Posted: 09/08/11 18:59

"Everyone knows that boys that do ballet do not grow up into well-adjusted men"

I'm a full-time mummy of a 2 and 3 year old, and that means that my eagle eyes are always on the lookout for activities and groups that we can all go along to.Many groups that I come across are age specific and I do struggle to find things to take the gruesome twosome along to together. So you can imagine how I rubbed my grubby hands with glee when I came across a Ballet class for 2 -5 year olds ,boys and girls welcome, being run locally. I emailed off to get the prices  info ready to present to my financial advisor husband one evening after work over a cheeky glass of red.
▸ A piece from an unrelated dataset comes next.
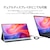 JAPANNEXT｜ジャパンネクスト｜モバイル液晶ディスプレイ(13.3型/IPS/FullHD 1920×1080/60Hz/25ms/HDR10/miniHDMI/USB Type-C/VESA/タッチパネル)(シルバー)｜JN-MD-I133FHDR-T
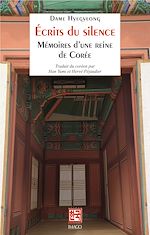 Télécharger le livre :  Écrits du silence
"No son of mine's doing ballet!" was the response from hubby. I giggled at his macho joking - it was a joke right? Wrong! He was deadly serious - no son of his was doing ballet. It turns out that even in the 21st Century that the thought of hubbys digger loving, toy train wielding son morphing into some sort of Billy Elliot /Wayne Sleep / John Barrowman style of dancer /entertainer shaking jazz hands is most disagreeable.

Not macho enough apparently. Though I am informed that 'if he wants to do karate' then that's dandy.

Shocked to the core I asked my facebook friends - imagining the 'sisterhood' would leap to my defence. But no! Only one person said that they thought that it was a good idea with nearly everyone poo-pooing it, the majority it seems thinks that 'nothings wrong with it but I wouldn't take my son'.

So the question is - Can boys do ballet ? More to the point would you take yours to ballet lessons ?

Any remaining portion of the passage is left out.